Nokia Siemens Networks (NSN) is running into fresh criticism from the analyst community over its disappointing employee productivity levels compared to its rivals. This comes after its joint owners, Nokia and Siemens, failed last week to find a private equity partner to purchase a stake in the company.
Comparing NSN's productivity with the industry leader Ericsson, Bloomberg reported that NNSN generated sales of around $250,000 per employee last year, 19 per cent less than Ericsson.

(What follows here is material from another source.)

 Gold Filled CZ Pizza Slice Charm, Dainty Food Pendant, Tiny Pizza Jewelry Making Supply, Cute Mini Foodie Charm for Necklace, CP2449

"They haven't fired enough," says James Crawshaw, a London-based equity analyst at Standard & Poor's told Bloomberg. "Siemens historically over-engineered their products and in certain industry verticals people will pay for that, but the telecom sector isn't prepared to pay that premium for German engineering when Chinese engineering gets the job done."

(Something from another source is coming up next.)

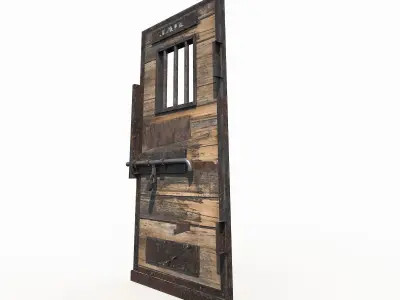 Western Prison Jail Door Low Poly PBR Free Low-poly 3D model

Of note, NSN has also increased its headcount from about 60,000 when it was formed in April 2007 to over 73,000 due to additions from outsourcing and the acquisition of the Motorola unit. Its German operation has almost 10,000 employees.

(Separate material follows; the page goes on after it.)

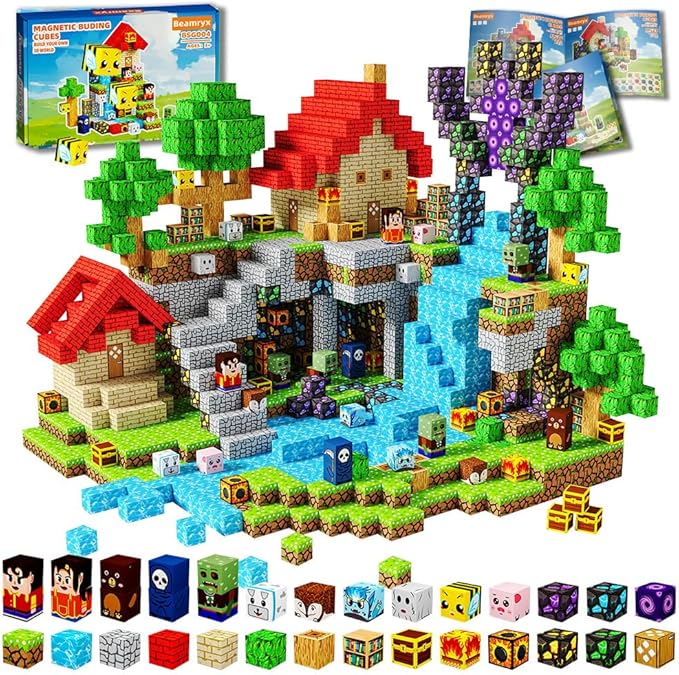 150pcs Magnetic Blocks House and Trees, Magnetic Toys Games for Kids Ages, STEM Toys for Kids Ages 4-8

JPMorgan Cazenove analyst, Sandeep Deshpande, issued a note last week suggesting that NSN could report second-quarter earnings before EBIT of over €82 million on revenue of €3.3 billion.
But even this optimistic forecast failed to convince Bengt Nordstroem, the head of Stockholm-based telecoms consultancy Northstream. "I don't think it's an IPO-ready company," he told Bloomberg. "There is strong growth in mobile broadband, but also tough competition so prices are still very low."
Placing more pressure on the joint venture, a poll last week of 36 analysts conducted by Reuters suggests that Nokia will report a second-quarter loss as its handset business continues to lose market share. Only four of the analysts questioned were positive about the future prospects for the company.